When it’s time to think about your mortgage refinance options, what should you know and how do you make the correct decisions? It’s more than guesswork and you can greatly increase the odds that you’ll refinance (or not) at the right time if you take time to consider some specific points. Start by knowing your current mortgage interest rate. You can find this listed on your loan papers or your lender should be able to tell you. If you have a variable rate mortgage, you won’t have a set interest rate, but that’s also an important piece of information. Next, find out the rate you’ll be offered if you get your mortgage refinanced. A word of caution – don’t simply take a look at the interest rates being offered and assume you’re going to get those rates.

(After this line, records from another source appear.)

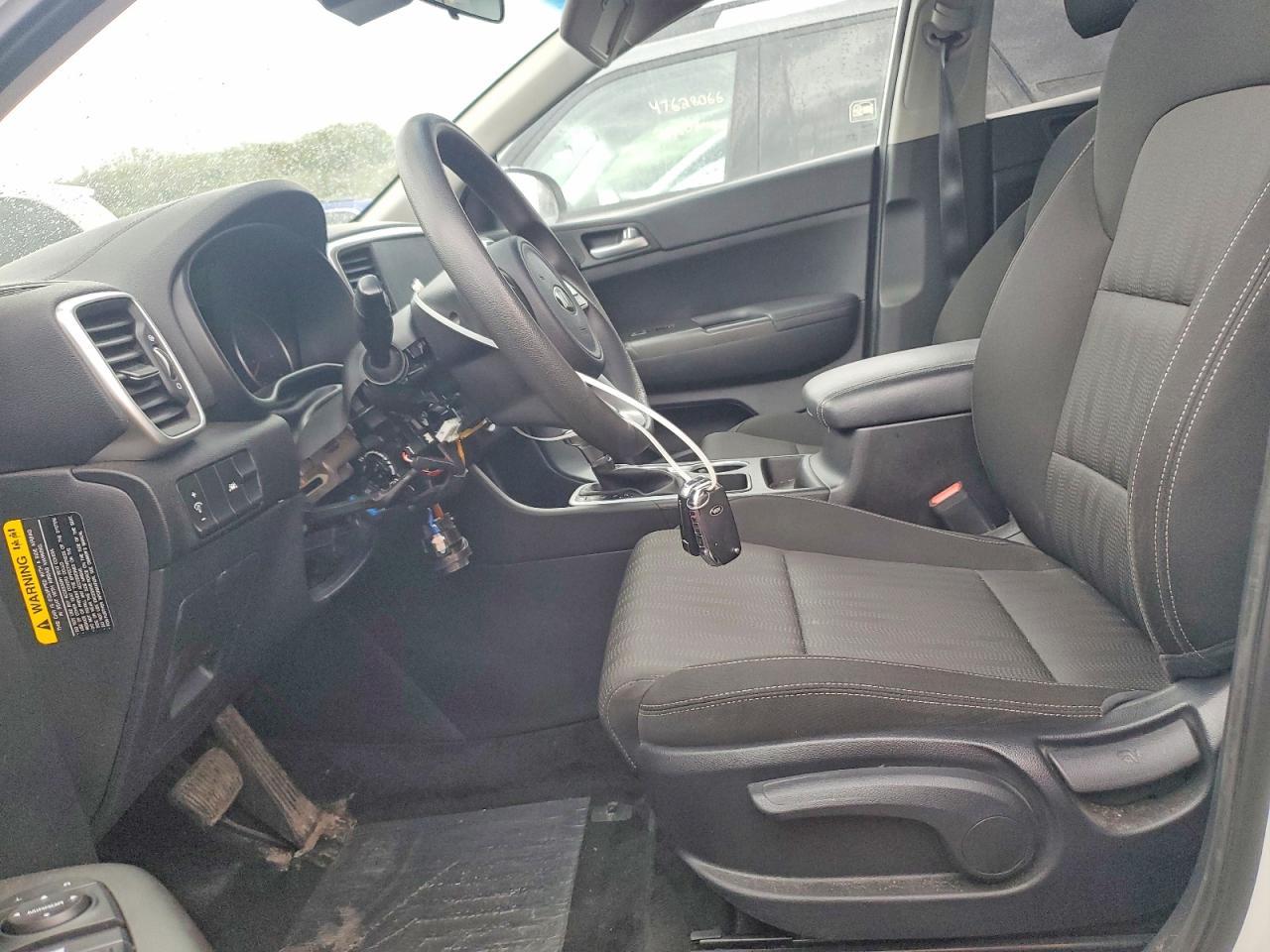2022 Kia Sportage Lx - Фото 7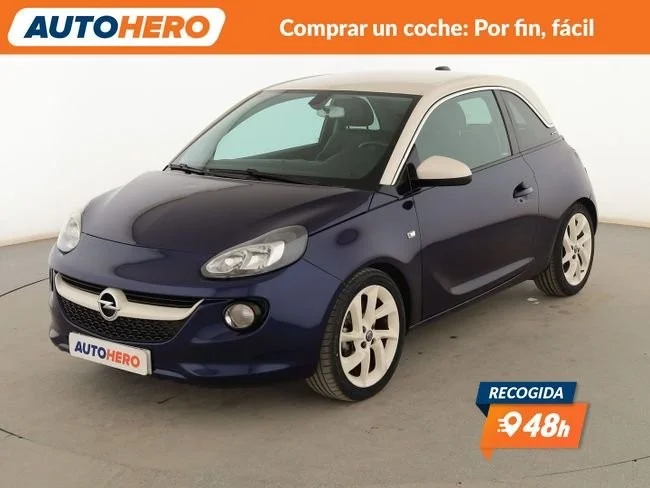 OPEL Adam 1.4 Slam ecoFlex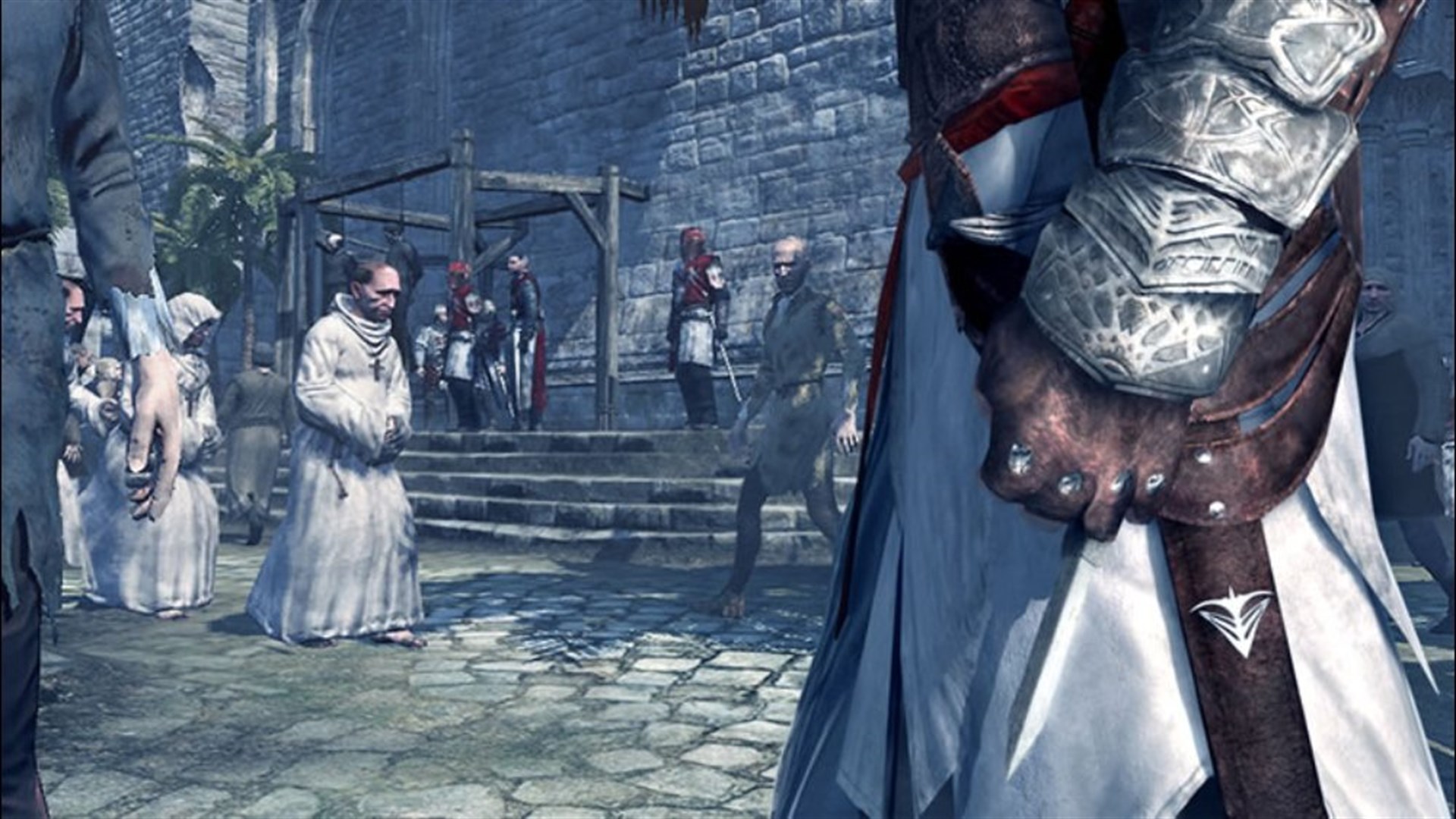 Скриншот №11 к Assassins Creed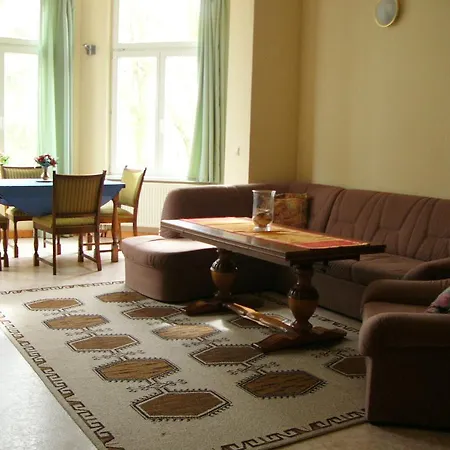 Διαμέρισμα Apartmenthaus Seestern Prerow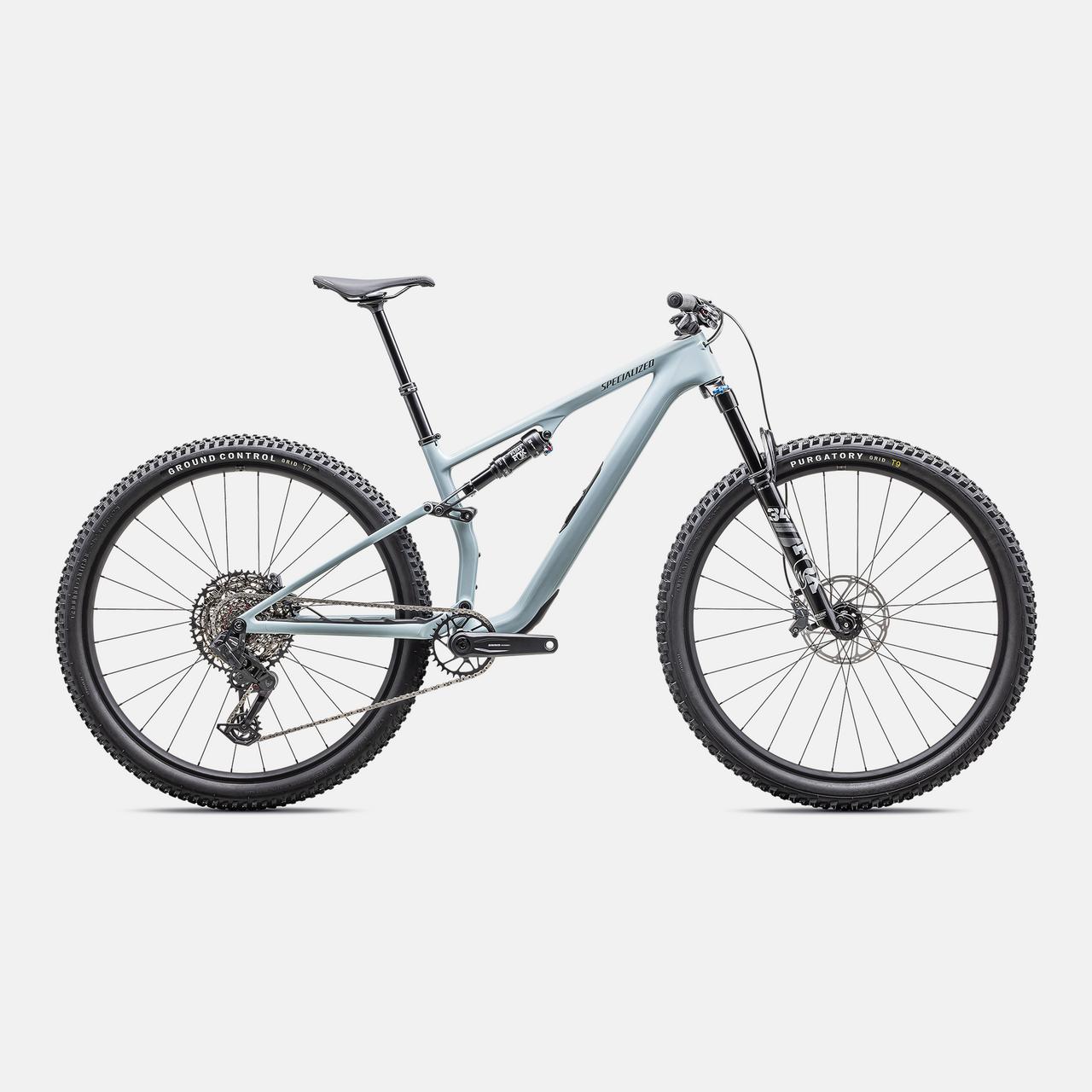 Epic 8 EVO Comp  - SRAM S-1000 AXS, FOX Performance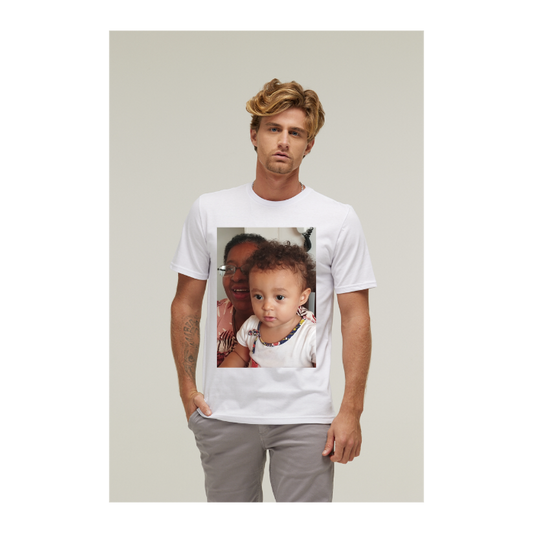 Camiseta Premium Branco
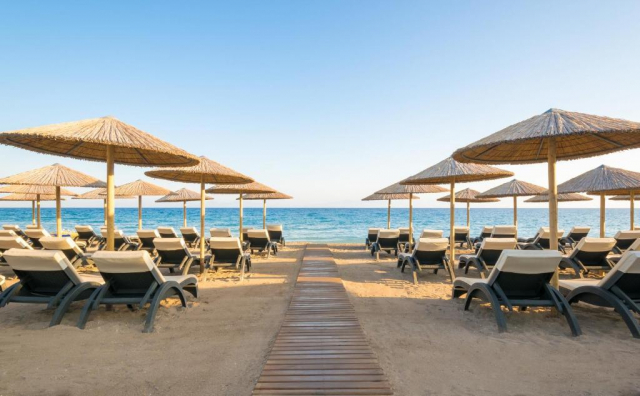 ULTRA LAST MINUTE INSULA RODOS  OLYMPIC PALACE 5***** ZBOR DIRECT DIN OTOPENI CU TAXE INCLUSE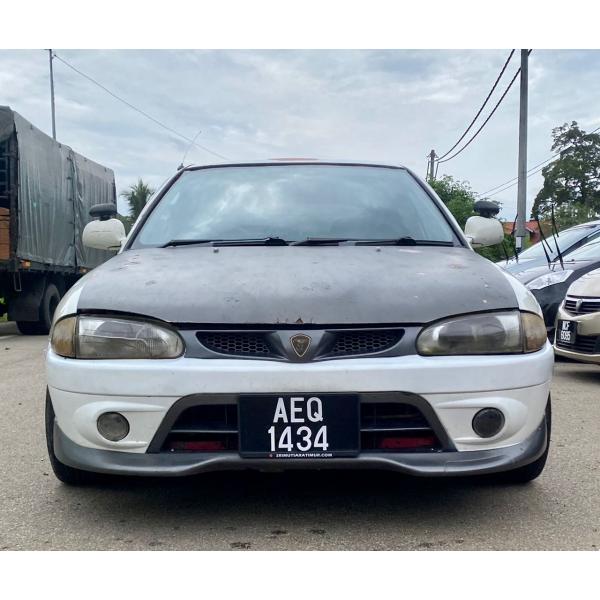  Proton Wira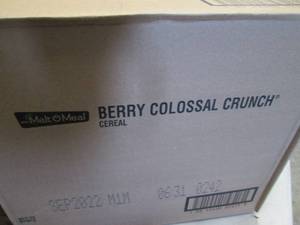 Case of 96- 1 oz Bowls Berry Coloss...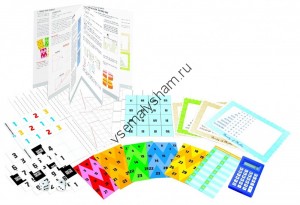 Научный набор Магия чисел 4М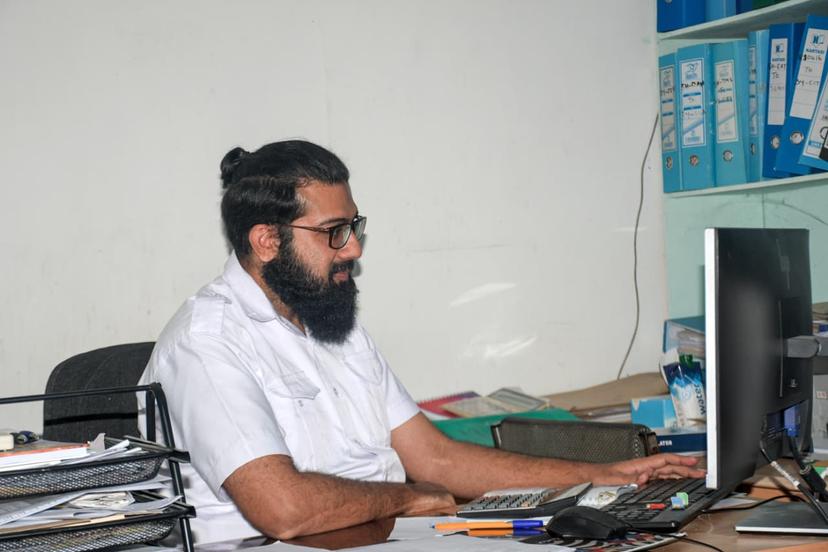 Abbasali Nathani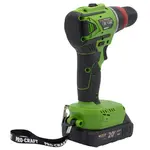 Шуруповерт аккумуляторный бесщеточный ProCraft PA-18LiN DFR с АКБ и ЗУ, фото , изображение 7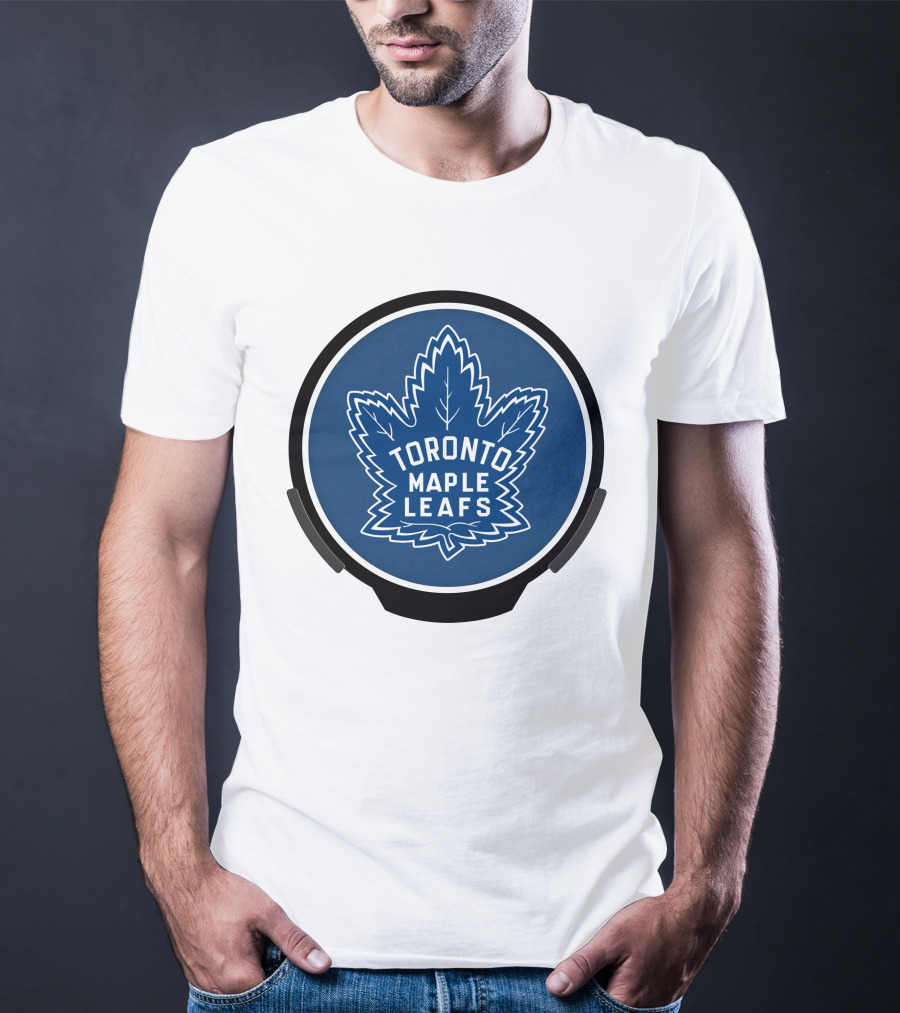 Toronto Maple Leafs Power Decal T-Shirt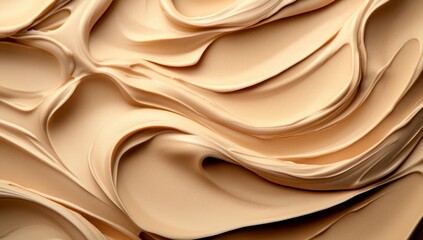 Poster - A smooth gradient effect is being created as light fades on a textured background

Ask about your specific situation. Lock a lender into a particular rate before you start the process. Many lenders advertise a very low rate, but you may find that you don’t qualify for that rate. Be especially careful if you’re being asked for any fees up front. Compare the rate of your current mortgage with that you’re being offered, but also consider the terms of the loan.
For example, if you have a variable rate loan, you may find the benefits of having a fixed rate mortgage are sufficient to warrant a mortgage refinance, even if the rates you’re paying aren’t that much different from what you’re being offered. Most financial people recommend that you save at least one and a half full points on your interest rate before you consider a mortgage refinance. Why? You’re likely going to be paying closing costs, appraisal fees and other costs associated with the refinance loan. If you’re not saving at least one and a half full points, it will take you several years to save the amount of money you’re spending on the closing. Again, this doesn’t apply if you’re getting significantly better terms that in themselves warrant following through with a new loan. As a final point, consider your future plans. Are you expecting to move in the next few years? Are you looking for a change in job status that could create the need to change your location? Is your family growing and in need of more space? If you aren’t going to stay in your current house at least two more years, a mortgage refinance probably isn’t a good option because of the time it takes to recover the cost of the closing.